The tone of the rate statement could be especially big news for the Canadian dollar. It fell to six-week lows last week after the U.S. Federal Reserve released minutes from a recent policy meeting that suggested the Fed is closer to raising U.S. rates than the markets had previously expected, which triggered buying of U.S. dollars at the expense of the Canadian and other currencies. Any hint, even a small one, that the Bank of Canada rates might be on hold for even longer than expected, or perhaps even heading in the opposite direction from the Fed, could fuel more selling of the loonie.
One thing we absolutely will not get from the bank, however, is an actual update of its economic forecasts. While the bank sets rates eight times a year, it only issues its quarterly Monetary Policy Report, which contains its economic projections, in conjunction with half of those rate decisions. This is one of those between-MPR rate announcements; the next forecast update won't come until mid-July.
As a result, observers will have to read between the lines of the rate announcement – which typically runs at a trim half-dozen paragraphs or so – to gauge how the bank's views on the economy have shifted since its mid-April MPR.
The bank's outlook in April was coloured by an impressive start to 2016, which had prompted it to significantly upgrade its economic growth projections for the first quarter and for 2016 as a whole. But the economy sputtered to the end of the first quarter, and carried little momentum entering the second quarter. The economy in the United States, Canada's biggest export market, has also looked persistently lacklustre in recent months, raising doubts about the export demand that was expected to be a critical driver of Canadian growth this year.
The Bank of Canada had already anticipated that the economy would take a second-quarter pause from its unsustainably quick start to the year. It forecast only a modest 1-per-cent annualized growth rate for the second quarter – only about one-third of the estimated first-quarter pace. But in light of the discouraging economic data to end the first quarter, private-sector forecasters now expect near-zero growth in the second quarter.

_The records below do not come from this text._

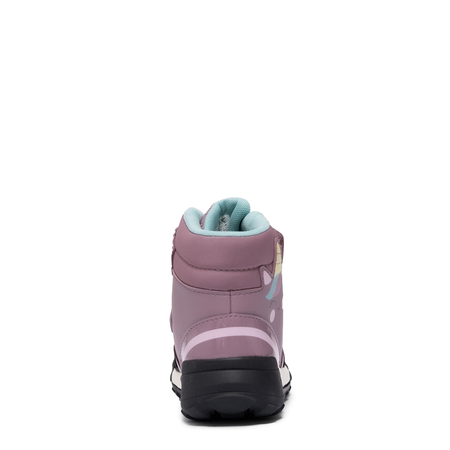 Geox Girls' Ankle Boots Dark Purple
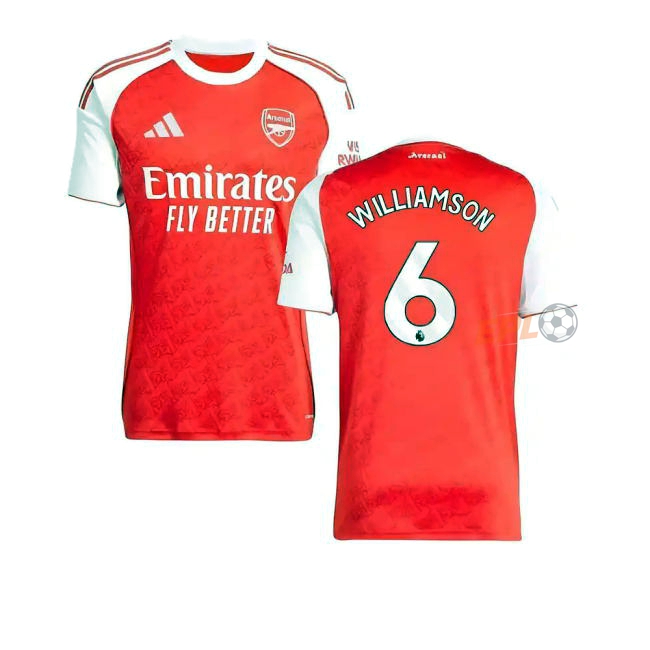 Arsenal 2025-20 budget-friendly Home Soccer Jersey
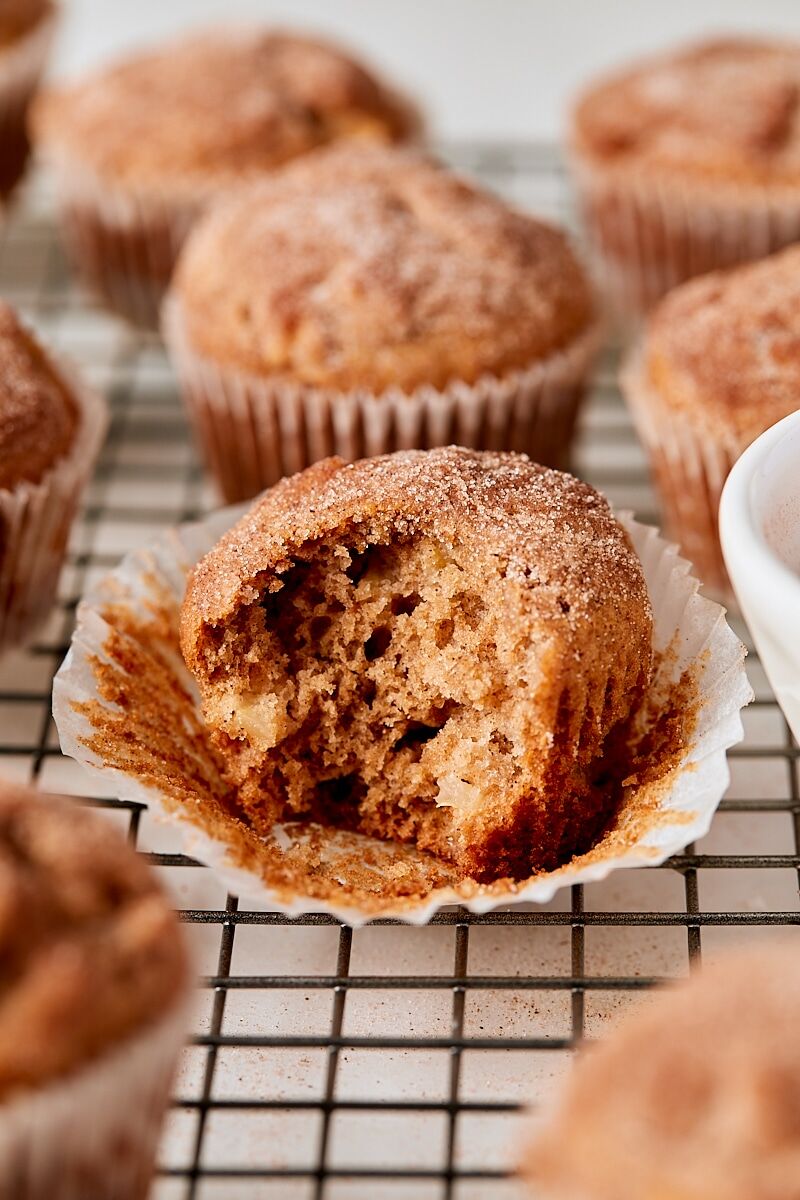 Apple Cinnamon Muffins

Many experts have argued that the appreciation of the Canadian dollar over the past four months is weighing on the country's exports, making them less attractive in foreign markets, including the United States, where demand has been looking fragile anyway. The Bank of Canada acknowledged this in the April MPR, when it raised its assumption for the currency for the purposes of its economic forecasts to 76 cents (U.S.), up 4 cents from previous projections. The currency did appreciate modestly in the weeks after the April forecast, but with its recent losses, it is now trading close to the bank's 76-cent assumption; it likely has done little, if anything, to change the central bank's thinking.
On the other hand, another key variable – the price of oil – has increased nearly 15 per cent since mid-April, offering a meaningful boost to the country's beleaguered energy sector and energy-producing regions. The bank may hint at some upside to its economic outlook from the improved oil climate. The bigger question will be whether the price, now approaching $50 (U.S.) a barrel for the North American benchmark crude grade, is yet high enough to entice investment back into the sector. One of the Bank of Canada's big themes in its 2016 outlook has been the precipitous drop in business investment in oil and gas – which it has projected will be 60 per cent lower in 2016 than in 2014 – and the massive impediment that poses to the economy's growth prospects.
But the central bank might also address the Alberta wildfires as a temporary drag on growth in the second quarter, given the sizable disruption to oil sands production. Observers will be looking for any indication of how big a hit on growth the central bank anticipates from the fires, and how much and how quickly it expects the economy to rebound once the affected region restarts production and begins to rebuild from the heavy property damage.
Editor's note: A previous version of this article incorrectly said the Bank of Canada's outlook in April was coloured by an impressive start to 2015. In fact, it was the start of 2016.